▶ _Supplied records_
━━━━━━━━━━━━━━━━━━━━━━━━━━━━━━

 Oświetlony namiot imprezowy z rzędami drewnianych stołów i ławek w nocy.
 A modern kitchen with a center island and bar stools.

━━━━━━━━━━━━━━━━━━━━━━━━━━━━━━

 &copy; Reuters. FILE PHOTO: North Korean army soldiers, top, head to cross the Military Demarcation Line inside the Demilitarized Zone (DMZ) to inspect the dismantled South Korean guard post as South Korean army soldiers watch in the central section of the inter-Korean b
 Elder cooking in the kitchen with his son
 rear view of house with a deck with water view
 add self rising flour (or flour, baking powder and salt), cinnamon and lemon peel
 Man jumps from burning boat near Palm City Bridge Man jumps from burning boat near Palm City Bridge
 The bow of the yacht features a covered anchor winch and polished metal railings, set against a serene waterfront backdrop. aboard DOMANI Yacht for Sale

━━━━━━━━━━━━━━━━━━━━━━━━━━━━━━

▶ _Exercise objective_
The lines above from the one containing "add self rising" through the one containing "Man jumps from burning boat near Palm City Bridge Man" are to be set down exactly, and no others.

▶ _Task result_
 add self rising flour (or flour, baking powder and salt), cinnamon and lemon peel
 Man jumps from burning boat near Palm City Bridge Man jumps from burning boat near Palm City Bridge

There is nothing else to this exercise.